Internal contradictions
GDA’s collaboration with parties of varying ideologies, meanwhile, doesn’t go down well with rights activists like Amar Sindhu, a teacher at Sindh University and an organiser of the annual Ayaz Melo, who remains concerned over the inclusion of right-wingers like the JUI-F – led by Rashid Soomro in Sindh – in a bid to unify the anti-PPP vote, possibly with the establishment’s support.
She notes with surprise that Rashid’s father, the late Khalid Soomro, was known for both his religious and nationalist views when it came to Sindh’s issues, but his son is now taking a different position.
“This strategy is alarming and contradicts Sindh’s political culture,” she says. She agrees that while PPP may not excel in governance — a subjective point in her view — but issues such as the NFC Award and 18th Amendment are sufficient enough to sway voters who feel ‘protected’ under the PPP.
Zulfikar Halepoto, who has worked with both the PPP and PTI, feels that “given the lack of a better alternative to represent them at both federal and provincial levels, Sindhis view PPP as lesser evil when compare with other political options”. And that’s why, he agrees with Inam on the PPP’s prospects in polls.
“Asif Zardari takes a no-risk approach and makes adjustments to include everyone. In Sindh, there simply isn’t a viable alternative,” he explains. This, he believes, is why opposition figures like the Mahars have once again returned to the PPP fold.
He regards alliances like the GDA as ineffective or only part-time players. “Sindh needs committed, full-time politicians. Nationalists, while protecting their interests, often exhibit contradictions.
For example, why would a nationalist leader who criticises dynastic politics field his sons for national and provincial assembly seats? Doesn’t he have a competent worker to represent the party?“
Drawing a parallel with the nine-party PNA of the late 1970s, author and left-leaning rights activist Harris Khalique notes: “The GDA is an interesting mix of feudal electables and ideologically diverse nationalist leaders”.
Barring any ‘intervention’, Khalique believes the PPP will form the next government in Sindh, and suggests that the time has come for the party to move beyond patronage politics and start delivering on its promises across the region, from Karachi to Kashmore.
Campaign trail
While the party has lofty ideals, they are still trailing the PPP in one important respect — electioneering.
At the time of going to print, the GDA had just issued a list of ticket holders after finalising seat adjustments with allies, in the hopes of a better electoral showing this time around.
The PPP, however, already has a head start, having dealt with the award of tickets long ago.

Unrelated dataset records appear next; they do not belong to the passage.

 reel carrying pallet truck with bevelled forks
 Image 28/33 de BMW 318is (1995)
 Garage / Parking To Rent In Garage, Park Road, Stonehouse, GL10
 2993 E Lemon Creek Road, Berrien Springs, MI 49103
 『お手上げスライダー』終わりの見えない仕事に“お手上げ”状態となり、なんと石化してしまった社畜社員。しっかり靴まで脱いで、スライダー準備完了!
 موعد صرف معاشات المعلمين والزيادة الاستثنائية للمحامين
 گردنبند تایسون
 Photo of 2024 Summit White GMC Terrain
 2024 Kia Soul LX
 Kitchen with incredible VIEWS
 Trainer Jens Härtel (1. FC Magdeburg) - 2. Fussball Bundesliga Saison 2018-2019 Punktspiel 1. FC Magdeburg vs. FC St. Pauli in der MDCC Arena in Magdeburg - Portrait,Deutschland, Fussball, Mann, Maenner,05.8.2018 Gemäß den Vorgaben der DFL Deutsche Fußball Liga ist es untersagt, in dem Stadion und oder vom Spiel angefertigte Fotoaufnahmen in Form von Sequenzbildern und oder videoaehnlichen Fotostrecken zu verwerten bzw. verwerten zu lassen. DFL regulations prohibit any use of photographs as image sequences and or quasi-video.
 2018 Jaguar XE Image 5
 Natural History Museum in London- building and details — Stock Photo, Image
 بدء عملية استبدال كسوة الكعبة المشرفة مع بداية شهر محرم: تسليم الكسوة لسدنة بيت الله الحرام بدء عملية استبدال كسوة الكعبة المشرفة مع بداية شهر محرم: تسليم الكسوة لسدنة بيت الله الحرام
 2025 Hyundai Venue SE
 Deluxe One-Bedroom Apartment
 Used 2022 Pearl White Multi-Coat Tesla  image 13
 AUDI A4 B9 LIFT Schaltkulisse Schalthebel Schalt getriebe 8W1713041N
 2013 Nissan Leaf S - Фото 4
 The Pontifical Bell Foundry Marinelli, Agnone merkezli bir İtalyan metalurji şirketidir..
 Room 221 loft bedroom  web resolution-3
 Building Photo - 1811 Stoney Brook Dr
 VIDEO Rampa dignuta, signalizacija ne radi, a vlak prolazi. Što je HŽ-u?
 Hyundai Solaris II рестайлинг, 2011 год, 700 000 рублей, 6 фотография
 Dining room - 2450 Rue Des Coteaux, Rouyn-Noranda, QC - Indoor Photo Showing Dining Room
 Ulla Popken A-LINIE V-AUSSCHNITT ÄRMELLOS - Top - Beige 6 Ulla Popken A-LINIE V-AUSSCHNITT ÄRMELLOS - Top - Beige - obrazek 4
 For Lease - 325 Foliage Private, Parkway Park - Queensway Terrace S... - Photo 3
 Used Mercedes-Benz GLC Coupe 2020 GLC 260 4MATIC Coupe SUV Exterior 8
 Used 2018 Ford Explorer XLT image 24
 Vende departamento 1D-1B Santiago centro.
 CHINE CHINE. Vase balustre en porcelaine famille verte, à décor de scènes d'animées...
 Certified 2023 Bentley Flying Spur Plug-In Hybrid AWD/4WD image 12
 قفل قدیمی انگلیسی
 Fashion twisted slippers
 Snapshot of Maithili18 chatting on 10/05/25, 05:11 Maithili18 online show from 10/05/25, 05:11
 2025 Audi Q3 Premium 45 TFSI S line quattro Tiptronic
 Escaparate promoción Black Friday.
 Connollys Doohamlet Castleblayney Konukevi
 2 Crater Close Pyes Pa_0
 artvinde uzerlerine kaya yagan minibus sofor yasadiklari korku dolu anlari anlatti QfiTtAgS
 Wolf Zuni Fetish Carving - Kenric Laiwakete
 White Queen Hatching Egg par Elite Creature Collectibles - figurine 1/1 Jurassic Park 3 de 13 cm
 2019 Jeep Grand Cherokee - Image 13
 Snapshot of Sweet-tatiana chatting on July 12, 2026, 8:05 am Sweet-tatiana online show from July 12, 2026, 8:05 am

Bilawal Bhutto-Zardari is now addressing multiple events nearly every day and his sister Aseefa is also in the field, while local party leaders have turned up the heat in their respective areas.
Mr Bhutto-Zardari has even unveiled the Awami Muashi Muahida, the closest thing to a manifesto the party has produced so far.
With time running out for launching a full-fledged campaign, will a rare second electoral outing be the charm for GDA to keep itself relevant in the political milieu? That question will only be answered come February 8.